**EXCERPTED RECORDS**.
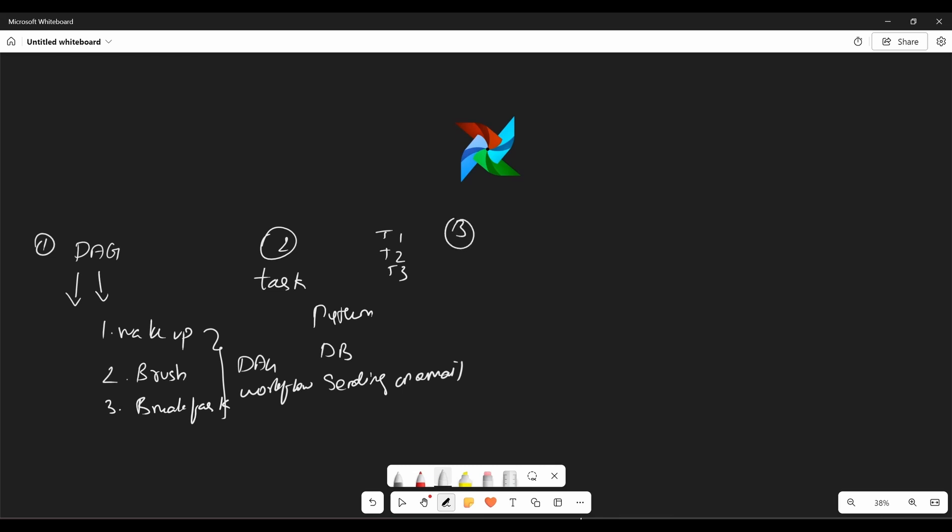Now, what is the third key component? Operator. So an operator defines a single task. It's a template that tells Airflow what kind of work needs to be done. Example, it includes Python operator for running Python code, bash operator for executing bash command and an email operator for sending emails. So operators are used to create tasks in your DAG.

...

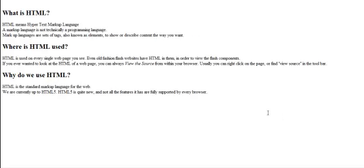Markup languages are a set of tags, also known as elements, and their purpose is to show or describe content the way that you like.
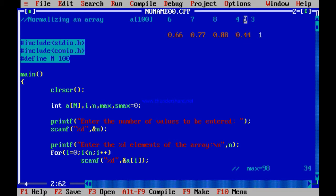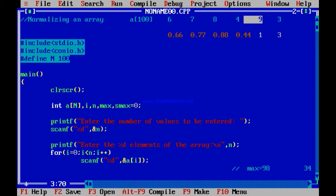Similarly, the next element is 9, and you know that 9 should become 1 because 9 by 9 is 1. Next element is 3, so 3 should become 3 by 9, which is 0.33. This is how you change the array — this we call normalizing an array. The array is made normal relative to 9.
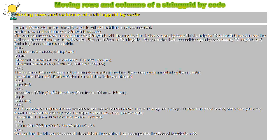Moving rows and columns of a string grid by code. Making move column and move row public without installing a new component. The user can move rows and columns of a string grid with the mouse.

**TASK PROMPT**. Nothing but the lines from the one with "Similarly, the next" to the one with "Moving rows and" above, both included, should be transcribed, exactly and without pictures.

**RESPONSE TO THE TASK**.
Similarly, the next element is 9, and you know that 9 should become 1 because 9 by 9 is 1. Next element is 3, so 3 should become 3 by 9, which is 0.33. This is how you change the array — this we call normalizing an array. The array is made normal relative to 9.
Moving rows and columns of a string grid by code. Making move column and move row public without installing a new component. The user can move rows and columns of a string grid with the mouse.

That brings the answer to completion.